Aicha Duihi, la militante qui plaide la cause des séquestrés à Tindouf

– Par Adnane Abbou-

Laâyoune, 06/03/2020 (MAP) – Que ce soit à Genève, siège du Conseil des droits de l’Homme, à New York, QG de l’ONU ou au sein des institutions européennes à Bruxelles, la militante sahraouie Aicha Duihi enchaîne les déplacements pour défendre la marocanité du Sahara et mobiliser contre le calvaire des populations séquestrées dans les camps de la honte, à Tindouf en territoire algérien.

Elevée à l’amour de la patrie, elle s’est engagée dès sa tendre enfance dans le combat pour l’égalité homme-femme et pour le triomphe des droits de l’Homme.

Après de brillantes études à Laâyoune, Marrakech, Rabat et à Poitiers en France, sanctionnées par un diplôme d’études supérieures approfondies DESA en économie des organisations et d’un diplôme de l’Institut d’administration des entreprises, cette femme battante va se consacrer à la cause qu’elle portait toujours dans son coeur: Les droits de l’Homme.

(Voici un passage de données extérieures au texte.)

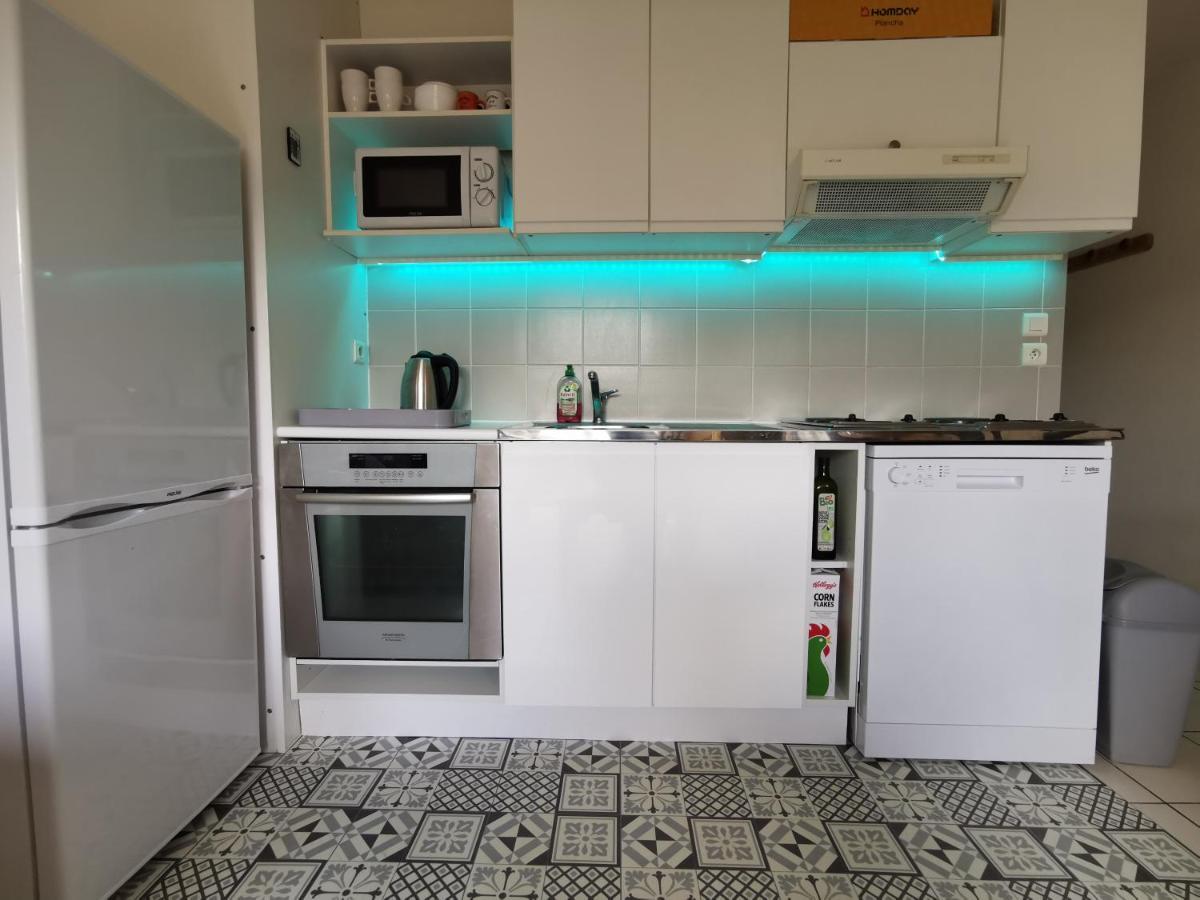 Saint-Geniez-dʼOlt Au 11 T3 Duplex, Village Vacances, Piscines, Parking מראה חיצוני תמונה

Les réformes engagées par le Maroc pour solder le passif des violations des droits de l’Homme, pour l’émancipation de la condition de la femme et pour la démocratisation de son édifice institutionnel ont été saluées à travers le monde et ont fini par convaincre tous les militants des droits de l’Homme que ce pays arabo-africain est sur la bonne voie de la modernité et qu’il constitue une vraie exception dans son environnement.

« Toutes les instances de l’ONU et le Conseil des droits de l’Homme reconnaissent désormais les acquis et les réformes menées durant les dernières années par le Royaume, en particulier après l’adoption de la Constitution de 2011″, témoigne la présidente de l’Observatoire du Sahara pour la Paix, la Démocratie et les Droits de l’Homme.

Selon elle, l’expérience marocaine de justice transitionnelle, à travers l’action de l’Instance équité et réconciliation (IER), suscite l’admiration et la considération sur les plans régional, continental et international », tout comme l’interaction régulière du Royaume avec les mécanismes onusiens des droits de l’Homme, notamment l’Examen périodique universel.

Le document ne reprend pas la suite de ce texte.